La proposta di regolamento, prevista nel programma di lavoro della Commissione per il 2018, dev’essere inquadrata nel più ampio contesto del “Capital Market Union” (http://www.consob.it/web/investor-education/verso-il-mercato-unico-dei-capitali), progetto portato avanti fin dal 2014 dalla Commissione europea che, come suggerisce il nome, mira all’unione dei mercati di capitali.

Obiettivo finale del progetto è la creazione di un autentico mercato interno di capitali, ottenibile riducendo la frammentazione dei mercati, appianando gli ostacoli normativi al finanziamento dell’economia ed offrendo alle aziende europee, incluse le Pmi, un sempre più ampio ventaglio di fonti di finanziamento e capitali.

Con tale regolamento nascerebbe un’etichetta europea per le piattaforme di crowdfunding alla quale i portali accreditati dovrebbero aderire per essere abilitati all’attività internazionale.

A supervisionare il progetto vi è l’Autorità europea degli strumenti finanziari e dei mercati (Esma).

 

La prima lettura di marzo è parsa limitante: come mai?

A marzo, alla prima lettura del testo, erano emersi punti che rendevano limitante, se non addirittura controproducente, l’eventuale adesione delle piattaforme crowdfunding al proposto modello europeo. 

Anzitutto, il tetto massimo di raccolta è stato fissato a €1 milione, mentre in molti Paesi il limite è notevolmente maggiore.

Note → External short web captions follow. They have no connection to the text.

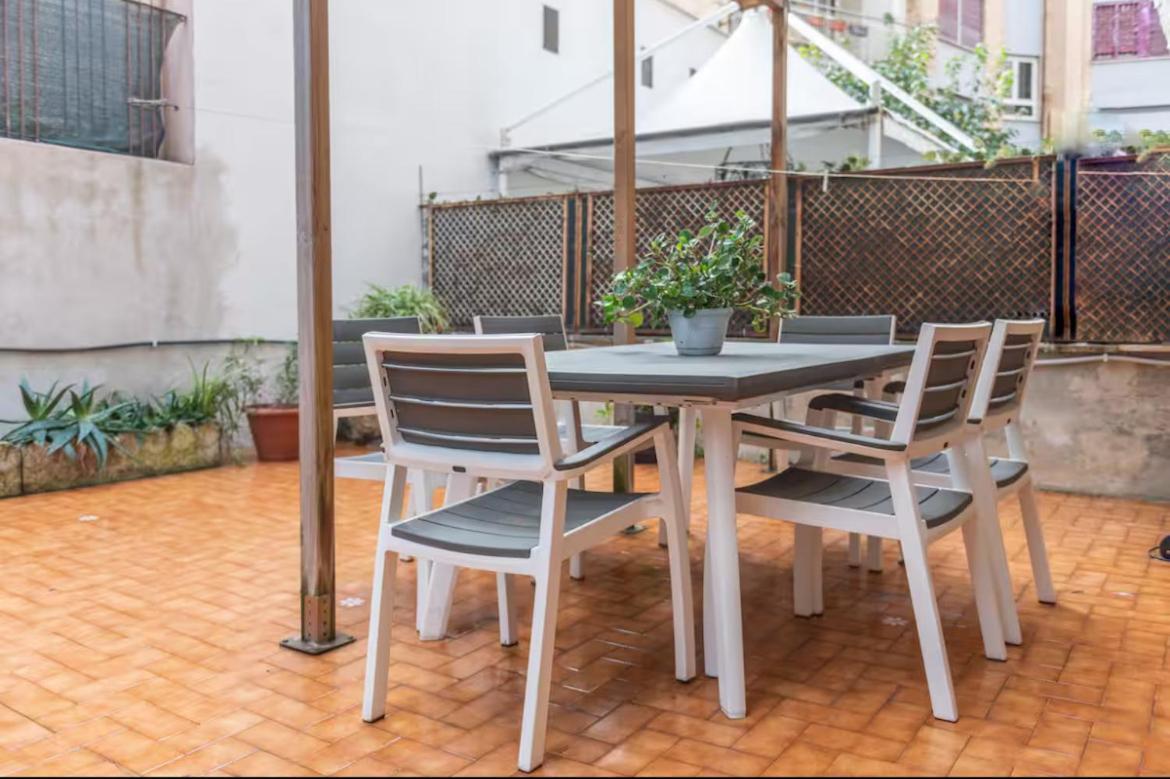 Large Garden Appartement Rome Buitenkant foto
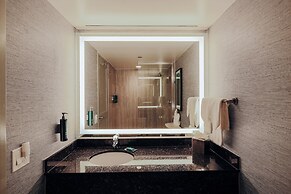 DoubleTree Suites by Hilton Htl & Conf Cntr Downers Grove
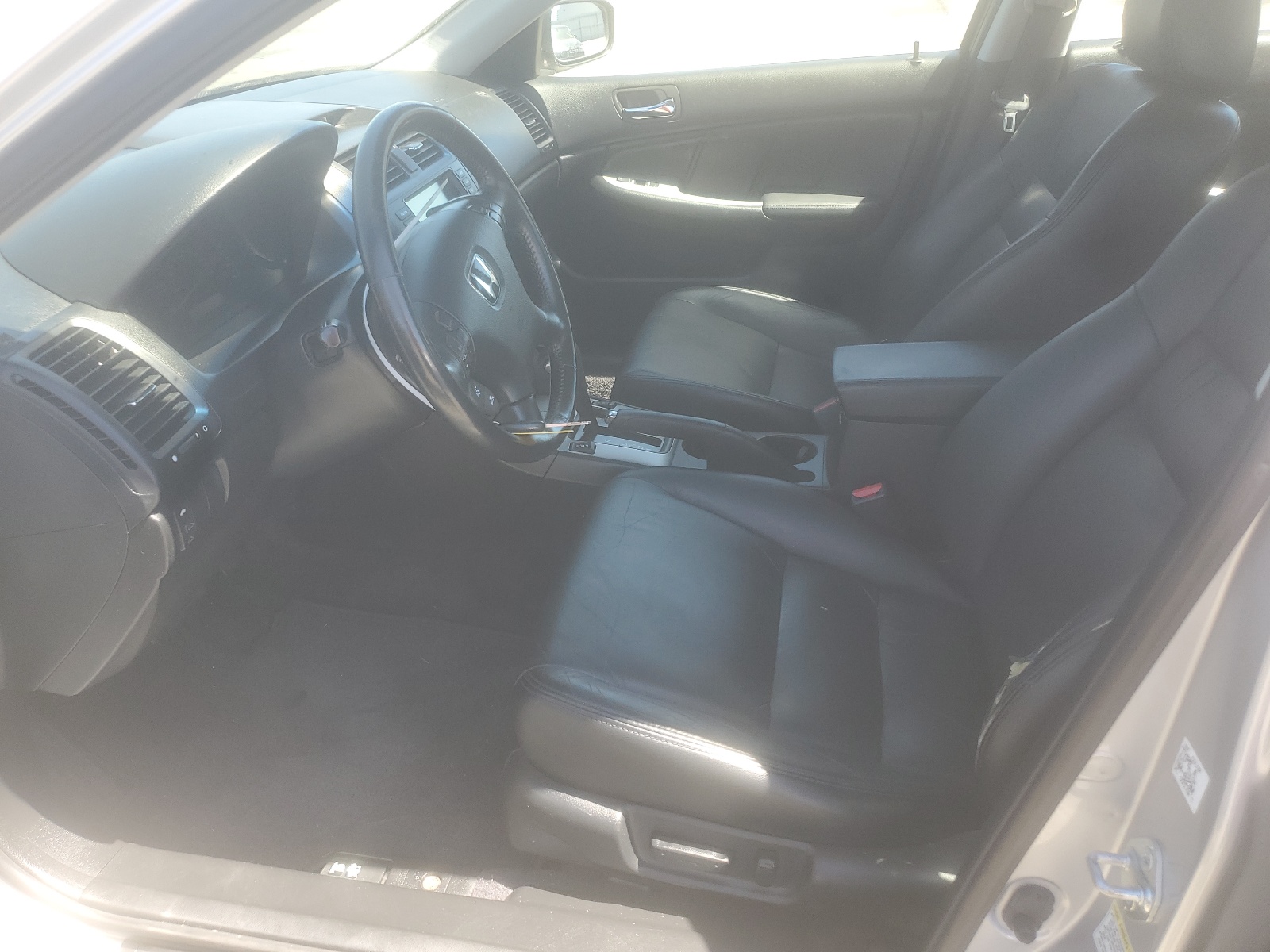 JHMCM56774C012880 2004 Honda Accord Ex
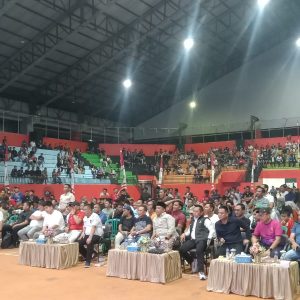Ribuan Penonton Padati Nobar Indonesia Vs Bahrain di GOR Way Handak, Bupati Egi; Luar Biasa Indonesia Juara..!!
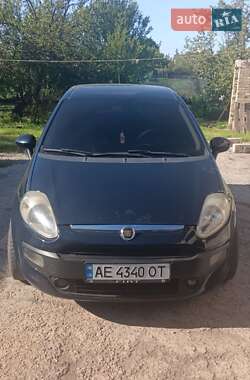 Хетчбек Fiat Punto 2011 в Запоріжжі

In Italia, ad esempio, è di 5 milioni. Inoltre, il limite è riferito non alla singola campagna ma a un periodo di 12 mesi da quando la società lancia la raccolta; in tal modo una società non potrebbe lanciare due round in un anno per un importo complessivo maggiore al 1 milione. 

La proposta di regolamento è stata molto rigida anche riguardo alla comunicazione e al marketing: le piattaforme non potranno comunicare le campagne con nessun mezzo di comunicazione, incluse email, anche interne, e social network. 

L’utilizzo di SPV (Special Purpose Vehicle) come strumento di raccolta è vietato a meno che ESMA non lo ritenga giustificato. Se teniamo conto che nel mercato del real estate l’utilizzo degli Spv è praticamente obbligatorio, si capisce che tale prescrizione potrebbe risultare un problema per le piattaforme di real estate crowdfunding. 

Anche la gestione dei conflitti di interesse risulta essere piuttosto restrittiva: per esempio, non consente a chi detiene almeno il 20% di quote della piattaforma di lanciare campagne di crowdfunding per sé o per società controllate. Misura che renderebbe complesso a fondi VC, banche o grandi imprese che puntano su Open Innovation, finanziare le piattaforme di Crowd Investing entrando nel loro capitale. 

 

Possibili modifiche

II testo è stato discusso a Bruxelles lo scorso 29 agosto dalla Commissione per i problemi economici e monetari del parlamento Ue.

In tale sede sono state ipotizzate modifiche che renderebbero più appetibile l’adesione alla label per le piattaforme: il tetto massimo di raccolta passerebbe dall’attuale milione a 8 milioni di euro e nel regolamento verrebbero inclusa anche la possibilità di lanciare I.C.O. (Initial Coin Offering).